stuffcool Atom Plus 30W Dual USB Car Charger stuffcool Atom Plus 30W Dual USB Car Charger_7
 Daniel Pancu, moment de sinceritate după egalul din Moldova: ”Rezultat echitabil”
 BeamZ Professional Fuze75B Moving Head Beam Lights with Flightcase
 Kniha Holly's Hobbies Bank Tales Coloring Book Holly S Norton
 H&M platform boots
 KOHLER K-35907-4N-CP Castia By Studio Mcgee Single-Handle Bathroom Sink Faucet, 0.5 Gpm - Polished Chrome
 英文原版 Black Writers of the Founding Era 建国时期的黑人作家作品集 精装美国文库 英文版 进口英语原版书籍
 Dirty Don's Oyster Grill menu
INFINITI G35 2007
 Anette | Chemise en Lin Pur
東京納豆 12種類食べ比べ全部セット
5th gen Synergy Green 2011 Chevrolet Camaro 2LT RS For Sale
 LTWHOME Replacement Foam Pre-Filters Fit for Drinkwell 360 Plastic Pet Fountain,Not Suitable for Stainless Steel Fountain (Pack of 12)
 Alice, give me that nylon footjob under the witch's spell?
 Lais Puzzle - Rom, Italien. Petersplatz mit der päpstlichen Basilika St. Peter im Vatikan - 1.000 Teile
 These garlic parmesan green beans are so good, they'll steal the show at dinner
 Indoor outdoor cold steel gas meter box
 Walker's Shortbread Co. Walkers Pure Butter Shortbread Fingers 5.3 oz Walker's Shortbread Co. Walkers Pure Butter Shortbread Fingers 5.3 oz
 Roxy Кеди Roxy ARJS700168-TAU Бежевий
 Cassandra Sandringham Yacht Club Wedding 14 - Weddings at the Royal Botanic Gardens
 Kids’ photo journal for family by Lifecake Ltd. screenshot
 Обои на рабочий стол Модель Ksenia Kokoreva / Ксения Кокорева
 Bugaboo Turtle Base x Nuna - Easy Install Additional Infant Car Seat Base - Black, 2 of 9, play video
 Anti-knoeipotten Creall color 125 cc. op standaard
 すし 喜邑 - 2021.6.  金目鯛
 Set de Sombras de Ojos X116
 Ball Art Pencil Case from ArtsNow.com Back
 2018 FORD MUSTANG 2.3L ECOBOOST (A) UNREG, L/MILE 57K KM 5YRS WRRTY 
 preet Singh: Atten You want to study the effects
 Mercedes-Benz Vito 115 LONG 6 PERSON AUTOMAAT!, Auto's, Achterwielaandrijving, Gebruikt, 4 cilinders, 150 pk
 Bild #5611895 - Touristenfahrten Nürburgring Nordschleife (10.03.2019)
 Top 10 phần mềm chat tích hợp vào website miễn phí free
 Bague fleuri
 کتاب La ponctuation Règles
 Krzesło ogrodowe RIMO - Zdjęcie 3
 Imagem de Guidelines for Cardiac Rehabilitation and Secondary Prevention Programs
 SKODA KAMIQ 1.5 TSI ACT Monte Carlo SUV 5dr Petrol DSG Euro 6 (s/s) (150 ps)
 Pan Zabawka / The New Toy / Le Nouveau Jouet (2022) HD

----------

Brief: Note how many lines in the listing above contain the word "Black" and give only that number.

Reply: 2